== Segment start ==

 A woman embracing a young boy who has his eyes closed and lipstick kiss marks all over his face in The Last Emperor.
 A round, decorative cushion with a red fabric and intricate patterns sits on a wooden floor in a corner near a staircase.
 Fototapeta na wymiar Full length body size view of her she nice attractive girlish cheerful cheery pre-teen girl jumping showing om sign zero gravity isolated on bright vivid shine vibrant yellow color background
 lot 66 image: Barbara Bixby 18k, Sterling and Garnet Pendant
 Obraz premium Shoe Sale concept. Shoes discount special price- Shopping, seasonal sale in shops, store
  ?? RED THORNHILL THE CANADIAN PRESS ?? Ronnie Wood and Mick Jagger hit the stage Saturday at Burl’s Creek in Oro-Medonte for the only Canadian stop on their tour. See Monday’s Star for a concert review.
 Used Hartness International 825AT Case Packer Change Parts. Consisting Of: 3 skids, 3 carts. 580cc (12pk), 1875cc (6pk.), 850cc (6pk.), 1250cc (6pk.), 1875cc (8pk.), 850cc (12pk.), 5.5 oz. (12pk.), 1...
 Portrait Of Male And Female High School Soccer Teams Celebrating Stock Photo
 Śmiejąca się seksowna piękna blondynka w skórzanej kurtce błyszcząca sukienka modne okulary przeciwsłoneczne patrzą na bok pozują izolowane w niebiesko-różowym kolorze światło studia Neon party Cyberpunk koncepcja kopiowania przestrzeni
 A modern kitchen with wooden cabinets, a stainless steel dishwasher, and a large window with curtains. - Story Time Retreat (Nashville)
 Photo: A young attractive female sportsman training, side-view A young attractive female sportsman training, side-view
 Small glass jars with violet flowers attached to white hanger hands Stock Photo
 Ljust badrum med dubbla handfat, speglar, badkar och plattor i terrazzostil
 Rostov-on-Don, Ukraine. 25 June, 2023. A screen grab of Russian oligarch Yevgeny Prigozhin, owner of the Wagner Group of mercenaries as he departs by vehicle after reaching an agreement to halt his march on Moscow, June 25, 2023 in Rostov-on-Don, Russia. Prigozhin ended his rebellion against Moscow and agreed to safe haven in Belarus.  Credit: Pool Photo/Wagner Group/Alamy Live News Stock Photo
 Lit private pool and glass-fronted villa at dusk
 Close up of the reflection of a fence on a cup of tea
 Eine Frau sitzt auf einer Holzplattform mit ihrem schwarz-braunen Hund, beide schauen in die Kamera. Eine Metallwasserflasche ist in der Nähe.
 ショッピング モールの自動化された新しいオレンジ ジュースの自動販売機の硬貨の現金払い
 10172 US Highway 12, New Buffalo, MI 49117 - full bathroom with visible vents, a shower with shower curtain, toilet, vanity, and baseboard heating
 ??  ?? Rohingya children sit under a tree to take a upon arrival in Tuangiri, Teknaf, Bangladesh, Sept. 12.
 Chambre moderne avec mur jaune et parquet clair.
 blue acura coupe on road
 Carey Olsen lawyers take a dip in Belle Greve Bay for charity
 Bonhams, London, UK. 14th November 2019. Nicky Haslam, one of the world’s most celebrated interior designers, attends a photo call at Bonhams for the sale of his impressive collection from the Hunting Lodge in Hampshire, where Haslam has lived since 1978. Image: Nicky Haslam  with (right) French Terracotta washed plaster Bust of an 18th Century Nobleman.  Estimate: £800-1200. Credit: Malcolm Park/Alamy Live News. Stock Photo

== Segment end ==

*Work required*: Repeat, without changes, every line from the one that contains "A modern kitchen" through the final line of the data.

*Answer*:
 A modern kitchen with wooden cabinets, a stainless steel dishwasher, and a large window with curtains. - Story Time Retreat (Nashville)
 Photo: A young attractive female sportsman training, side-view A young attractive female sportsman training, side-view
 Small glass jars with violet flowers attached to white hanger hands Stock Photo
 Ljust badrum med dubbla handfat, speglar, badkar och plattor i terrazzostil
 Rostov-on-Don, Ukraine. 25 June, 2023. A screen grab of Russian oligarch Yevgeny Prigozhin, owner of the Wagner Group of mercenaries as he departs by vehicle after reaching an agreement to halt his march on Moscow, June 25, 2023 in Rostov-on-Don, Russia. Prigozhin ended his rebellion against Moscow and agreed to safe haven in Belarus.  Credit: Pool Photo/Wagner Group/Alamy Live News Stock Photo
 Lit private pool and glass-fronted villa at dusk
 Close up of the reflection of a fence on a cup of tea
 Eine Frau sitzt auf einer Holzplattform mit ihrem schwarz-braunen Hund, beide schauen in die Kamera. Eine Metallwasserflasche ist in der Nähe.
 ショッピング モールの自動化された新しいオレンジ ジュースの自動販売機の硬貨の現金払い
 10172 US Highway 12, New Buffalo, MI 49117 - full bathroom with visible vents, a shower with shower curtain, toilet, vanity, and baseboard heating
 ??  ?? Rohingya children sit under a tree to take a upon arrival in Tuangiri, Teknaf, Bangladesh, Sept. 12.
 Chambre moderne avec mur jaune et parquet clair.
 blue acura coupe on road
 Carey Olsen lawyers take a dip in Belle Greve Bay for charity
 Bonhams, London, UK. 14th November 2019. Nicky Haslam, one of the world’s most celebrated interior designers, attends a photo call at Bonhams for the sale of his impressive collection from the Hunting Lodge in Hampshire, where Haslam has lived since 1978. Image: Nicky Haslam  with (right) French Terracotta washed plaster Bust of an 18th Century Nobleman.  Estimate: £800-1200. Credit: Malcolm Park/Alamy Live News. Stock Photo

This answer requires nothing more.